THE archeology it is a discipline that deals with the investigation of evidence, or vestiges, of past civilizations and cultures. The term is composed of the Greek radicals Arkhe, which means both "beginning/beginning" and "order/organization", and Loggia, which in turn means “study/science”. The main objective of archaeological investigations is to provide material subsidies, with precise temporal dating, for the reconstruction of the human past. That's why this science is so important to other disciplines, such as history and anthropology.
The first properly archaeological interests date back to the Middle Ages. The search for the sacred ruins of the Holy Land (such as the Temple of Solomon), carried out by the Knights Templar, already indicated the need to find fragments of ancient civilizations. These fragments allowed a better understanding of what happened in remote times. Like Rebirth (15th and 16th century), there was a revaluation of the classical Greco-Roman culture. The ruins of ancient palaces, temples and sculptures awakened in Renaissance men the interest in to reproduce them, to know how their architectural construction process worked and what kind of techniques they were employed.
But it was only in the 19th century that archeology would be consolidated. The French's decipherment of Egyptian hieroglyphs Jean-François Champollion, between 1822 and 1824, based on inscriptions in the rosetta stone, was a kick-start for archeology to gain legitimacy. The Rosetta Stone had been found among ruins, on Egyptian soil, by Napoleon's soldiers, in 1798. The ruins and great monuments of the ancient Egyptian civilization kept secrets for the understanding of more than 3 millennia of history. In this way, many researchers went to Egypt between the end of the 19th century and the beginning of the 20th century. Archeology, as a science, was born with these researchers.
Two of the greatest names in the early days of archaeological science were Egyptologists, that is, specialists in Egyptian civilization, who worked excavating at archaeological sites in Egypt. The first is the british sir Petrie Flinders (1853-1942). Petrie started working on archaeological sites in Britain, such as the famous Stonehenge, but it was in Egypt that he stood out, by developing an investigation and classification system for the archaeological finds of the Great Pyramids of the Giza Valley, close to the city Cairo. the second is Howard Carter (1874-1939), assistant to Petrie, also an Egyptologist, besides Egypt he also studied the archaeological sites of the civilization of Nubia, and was responsible for finding the tomb of the pharaoh.

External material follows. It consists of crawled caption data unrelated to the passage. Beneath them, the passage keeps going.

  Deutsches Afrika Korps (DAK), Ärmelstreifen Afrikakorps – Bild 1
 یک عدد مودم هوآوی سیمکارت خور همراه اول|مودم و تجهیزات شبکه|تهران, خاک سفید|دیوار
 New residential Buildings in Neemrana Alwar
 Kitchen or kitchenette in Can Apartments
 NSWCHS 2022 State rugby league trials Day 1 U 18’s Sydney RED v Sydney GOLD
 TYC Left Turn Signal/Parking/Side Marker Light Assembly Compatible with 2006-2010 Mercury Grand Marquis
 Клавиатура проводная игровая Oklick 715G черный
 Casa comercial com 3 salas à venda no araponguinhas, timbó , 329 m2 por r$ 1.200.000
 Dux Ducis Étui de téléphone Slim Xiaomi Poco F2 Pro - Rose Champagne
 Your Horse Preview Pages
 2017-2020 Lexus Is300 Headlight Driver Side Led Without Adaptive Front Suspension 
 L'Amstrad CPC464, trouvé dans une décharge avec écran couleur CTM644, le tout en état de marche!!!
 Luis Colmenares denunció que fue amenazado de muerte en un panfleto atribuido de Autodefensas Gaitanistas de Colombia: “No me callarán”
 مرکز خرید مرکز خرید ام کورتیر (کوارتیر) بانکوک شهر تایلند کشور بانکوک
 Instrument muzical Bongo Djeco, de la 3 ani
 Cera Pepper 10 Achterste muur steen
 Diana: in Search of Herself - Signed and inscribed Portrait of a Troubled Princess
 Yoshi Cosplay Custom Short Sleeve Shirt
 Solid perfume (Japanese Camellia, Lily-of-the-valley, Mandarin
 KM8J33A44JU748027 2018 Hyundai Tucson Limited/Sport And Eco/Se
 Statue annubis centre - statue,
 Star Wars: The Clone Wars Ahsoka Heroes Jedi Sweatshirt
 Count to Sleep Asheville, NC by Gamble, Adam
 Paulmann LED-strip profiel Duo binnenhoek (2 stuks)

Tutankhamun. Even in the nineteenth century, we have the figure of the German Heinrich Schliemann (1822-1890), responsible for discovering the archaeological sites of Mycenaean civilization, which predated the city-states of Ancient Greece.
In the twentieth century, in addition to archaeological research on great ancient civilizations continue and became more refined, there was also the expansion of archeology to even more remote areas, such as The Prehistory. New dating systems, such as the carbon-14 and of the thermoluminescence, helped archaeologists to specify the time of human bones, as well as that of ceramics, fabrics, stone instruments, etc. In this aspect, archeology also goes hand in hand with biology (theory of evolution and paleontology), in addition to continuing to link up with history and anthropology.
In the Brazilian case, one of the examples with the greatest repercussion in the area of archeology was the discovery of the archaeological site of Serra da Capybara, in São Raimundo Nonato, Piauí. The discovery was made by the São Paulo archaeologist Niéde Guidon in the 1960s. This site comprises one of the places with the largest record of cave paintings in the world. In just one point in the Serra, there is a panel with more than 3,000 different images of paintings, in addition to having fossil records and other types of remains dating back thousands of years before Christ.